- GIVEN DATA -
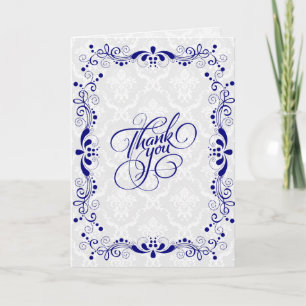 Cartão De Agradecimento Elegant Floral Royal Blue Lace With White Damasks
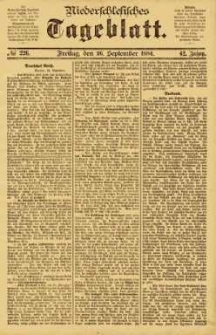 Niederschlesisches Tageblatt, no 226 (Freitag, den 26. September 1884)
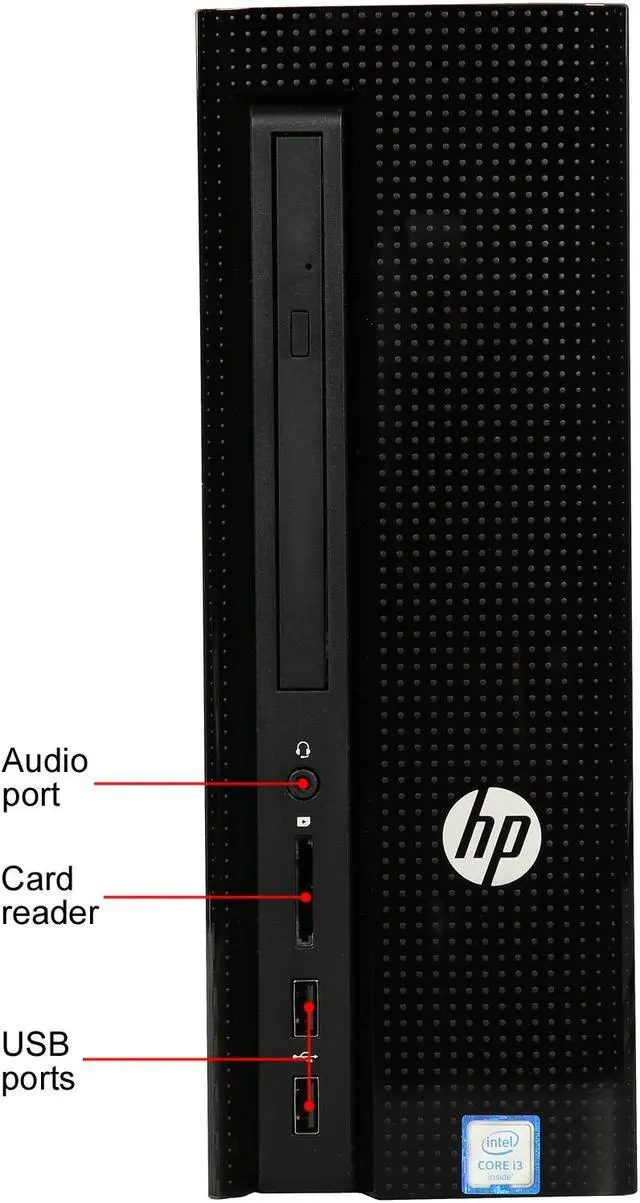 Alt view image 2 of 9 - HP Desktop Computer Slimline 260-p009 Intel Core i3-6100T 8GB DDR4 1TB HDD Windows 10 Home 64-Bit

* * *

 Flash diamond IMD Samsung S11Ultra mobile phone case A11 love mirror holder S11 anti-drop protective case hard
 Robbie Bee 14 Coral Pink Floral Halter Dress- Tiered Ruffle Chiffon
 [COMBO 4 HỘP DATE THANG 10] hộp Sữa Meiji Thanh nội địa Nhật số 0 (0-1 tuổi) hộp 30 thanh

- INSTRUCTIONS FOR THE TASK -
Starting with the line that contains "Cartão De Agradecimento" and finishing with the line that contains "Alt view image", reproduce every line of the material above exactly, but not the pictures.

- TASK OUTPUT -
 Cartão De Agradecimento Elegant Floral Royal Blue Lace With White Damasks
 Niederschlesisches Tageblatt, no 226 (Freitag, den 26. September 1884)
 Alt view image 2 of 9 - HP Desktop Computer Slimline 260-p009 Intel Core i3-6100T 8GB DDR4 1TB HDD Windows 10 Home 64-Bit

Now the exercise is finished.